# dr. Bas Westerbaan

github scholar

## A characterization of ordered abstract probabilities

24 Dec 2019 [ arXiv · video ]

We prove a Representation Theorem for $$\omega$$-complete effect monoids.

In computer science, especially when dealing with quantum computing or other non-standard models of computation, basic notions in probability theory like “a predicate” vary wildly. There seems to be one constant: the only useful example of an algebra of probabilities is the real unit interval (or a subalgebra of some product of them). In this paper we try to explain this phenomenon. We will show that the structure of the real unit interval naturally arises from a few reasonable assumptions. We do this by studying effect monoids, an abstraction of the algebraic structure of the real unit interval: it has an addition $$x+y$$ which is only defined when $$x+y\leq 1$$ and an involution $$x\mapsto 1-x$$ which make it an effect algebra, in combination with an associative (possibly non-commutative) multiplication.
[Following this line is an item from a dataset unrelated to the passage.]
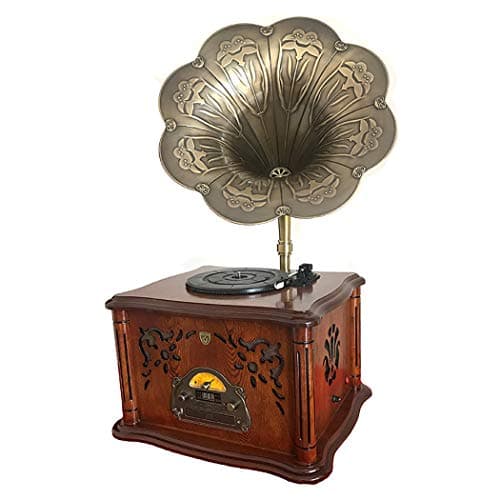 RAPLANC Retro Horn Turntable Bluetooth Vinyl Record Player, Classic Gramophone with FM/AM Radio, CD, USB, Bluetooth Wireless Playback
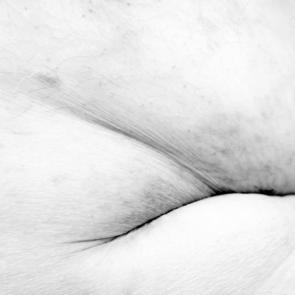 DEX_EXPOINFINE_019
Examples include the unit intervals of ordered rings and Boolean algebras.

We present a structure theory for effect monoids that are $$\omega$$-complete, i.e. where every increasing sequence has a supremum. We show that any $$\omega$$-complete effect monoid embeds into the direct sum of a Boolean algebra and the unit interval of a commutative unital C*-algebra. Intuitively then, each such effect monoid splits up into a ‘sharp’ part represented by the Boolean algebra, and a ‘probabilistic’ part represented by the commutative C*-algebra.

Some consequences of this characterization are that the multiplication must always be commutative, and that the unique $$\omega$$-complete effect monoid without zero divisors and more than 2 elements must be the real unit interval. Our results give an algebraic characterization and motivation for why any physical or logical theory would represent probabilities by real numbers.